The trial’s primary outcomes were disease activity remission by disease activity score in 28 joints C-reactive protein (DAS28-CRP) of less than 2.6 and the elimination of radiographic progression at the 24-month follow-up appointment. The researchers found no significant difference in the proportion of patients in the conventional group vs. the MRI-guided group who reached either of the two primary end points.

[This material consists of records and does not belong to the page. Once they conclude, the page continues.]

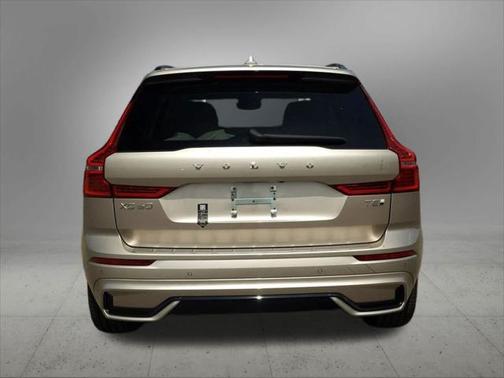 2025 Volvo XC60 Plug-In Hybrid T8 Ultra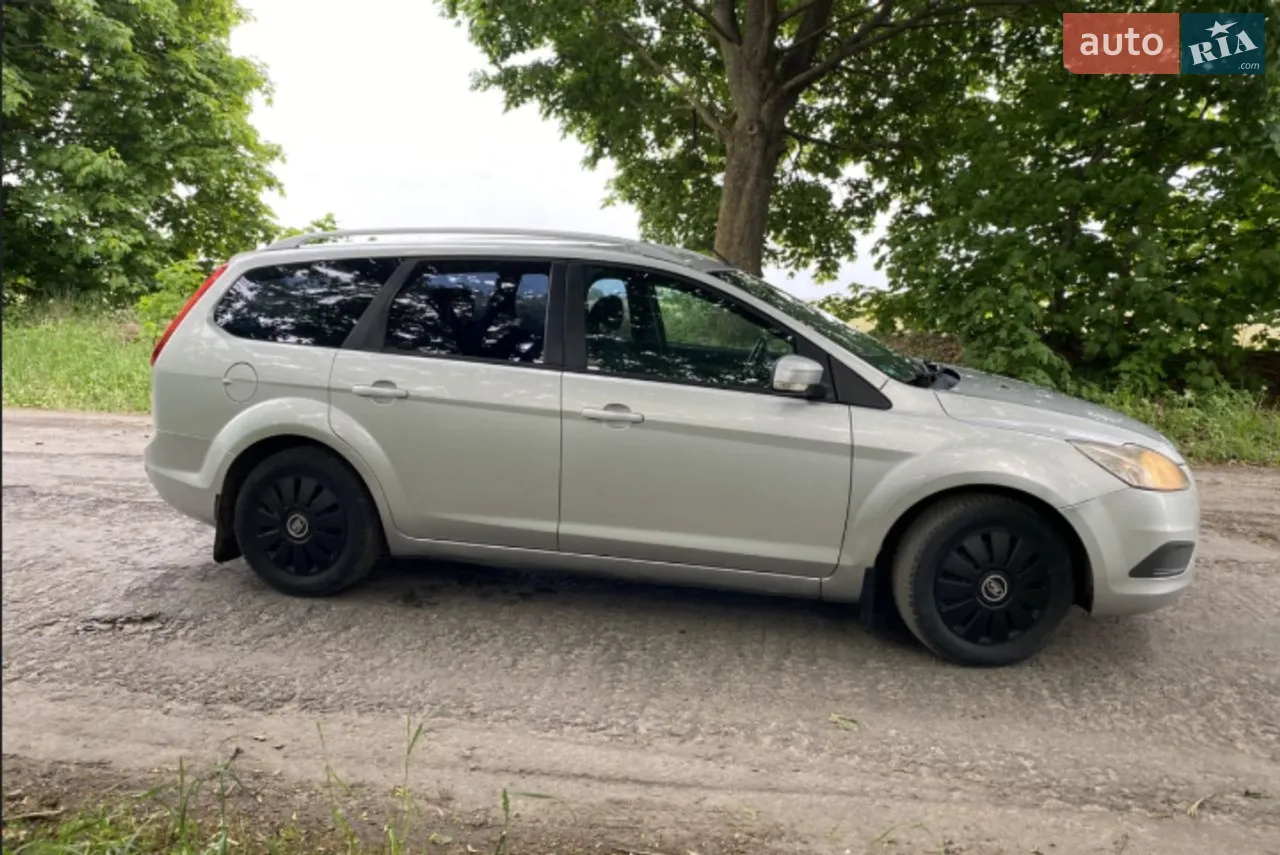 2010 Ford Focus - мініатюра 11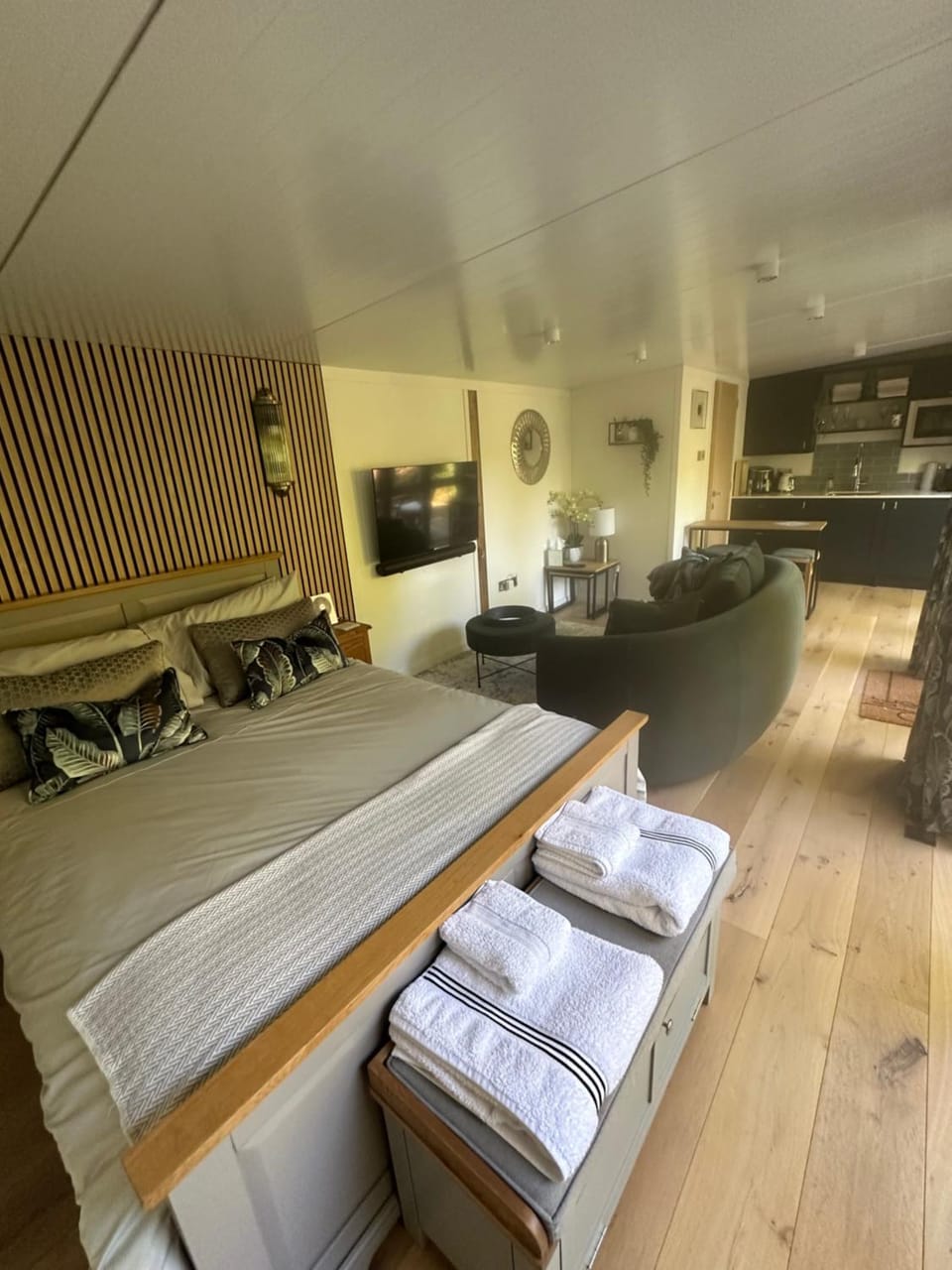 Living room, Bedroom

During the study, approximately one-third of patients experienced radiographic progression of RA as determined by total van der Heijde-modified Sharp Score (vdHSS) progression, while 17% progressed above the measurement error of smallest detectable change. However, more patients in the MRI-guided treat-to-target group experienced treatment escalations (73% vs. 17%), received biologic treatment (46% vs. 2%) and experienced serious adverse events (19% vs. 7%) than patients in the conventional treat-to-target group.
Previous studies have addressed the role of imaging in treating to target, but have evaluated ultrasonography not MRI. The Aiming for Remission in Rheumatoid Arthritis: A Randomised Trial Examining the Benefit of Ultrasound in a Clinical Tight Control Regimen (ARCTIC) and Targeting Synovitis in Early Rheumatic Arthritis (TaSER) also differed from the current trial, focusing on patients with early RA who had a much higher disease activity at baseline.2,3 The results from all three studies support the understanding that subclinical inflammation does not signify progression of joint damage during sustained clinical remission.